We’ve all got a full plate of issues, with budgets growing, taxes increasing, and failing schools, but if we can’t promise our supporters that they won’t have angry protestors showing up on their lawn, we’re not going to have the resources to tackle any of those mission-critical issues. Protecting private charitable giving is mission critical, too.

Current Attacks on Donor Privacy

The Alabama Policy Institute, Goldwater Institute, Buckeye Institute, Washington Policy Center, Rio Grande Foundation, and Freedom Foundation of Minnesota, among several others have been actively engaged in educating people of the dangers of requiring non-profit groups to report the names and addresses of their donors to the government.

If you take a look at those groups again, you’ll notice something they do not have in common. They are in red, blue, and purple states. This is not a partisan issue. While it may seem like an attack that would come from the Left to harass and target conservatives based on our beliefs, the truth is, just as many Republicans introduce state-level disclosure bills as Democrats.

What’s really going on is that people in power who don’t like being challenged—from the Left or the Right—are using the force of law and state agencies to target their dissenting opponents.

We saw this in Georgia last year. A Republican lawmaker introduced a disclosure bill hours before the Legislature adjourned because Americans for Tax Reform had publicized his vote on a tax increase.

In states like Alabama and South Carolina, Republican lawmakers who want to out the supporters of their opponents took advantage of political scandals to push “ethics bills” that include mandatory disclosure provisions. Instead of shining a light where it matters—on the elected officials themselves—the focus becomes forcing private organization with a dissenting perspective on policy issues to report the names and addresses of their supporters to the government.

In at least six states this year, state lawmakers considered bills that were written so broadly and vaguely that everyday activities of 501c3 groups, like communicating with supporters about proposed laws that impact our missions, would have been reclassified as “electioneering communications” and the groups re-termed “political committees” and therefore subject to donor disclosure requirements that are meant for candidate campaign committees.

We are also seeing an effort to redefine what “coordination” means. In the campaign finance context, coordination has meant that a nonprofit group can’t join up with a candidate campaign to try to skirt campaign contribution disclosure laws. But now the push is to redefine coordination to prevent two private organizations that share a mission from working together to advance an idea. They want to use the law to prevent center-right groups from sharing information and resources.

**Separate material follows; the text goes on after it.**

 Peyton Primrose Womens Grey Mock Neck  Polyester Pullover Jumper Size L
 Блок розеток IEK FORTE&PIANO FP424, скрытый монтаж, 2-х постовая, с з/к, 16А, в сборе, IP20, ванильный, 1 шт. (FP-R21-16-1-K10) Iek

Another troubling trend is that some state regulators are going it alone. Already in half-a-dozen states non-profits can be forced to hand over their list of top supporters before they can even do business in the state. The problem with this is that once a document is given to a state agency, it becomes subject to public records law. So, if a group is forced to turn over its supporter list to the state of New York in order to fundraise there, and a left-leaning group wanted to get that list, they could send a public records request to the state attorney general who regulates charities, and there is no mechanism in state law to decline the request. This provides a backdoor way for donors to be exposed.

We’re also seeing state ethics commissions and campaign finance regulators unilaterally decide that certain groups must reveal their donors before they can testify at the state legislature or engage in other First Amendment protected activities.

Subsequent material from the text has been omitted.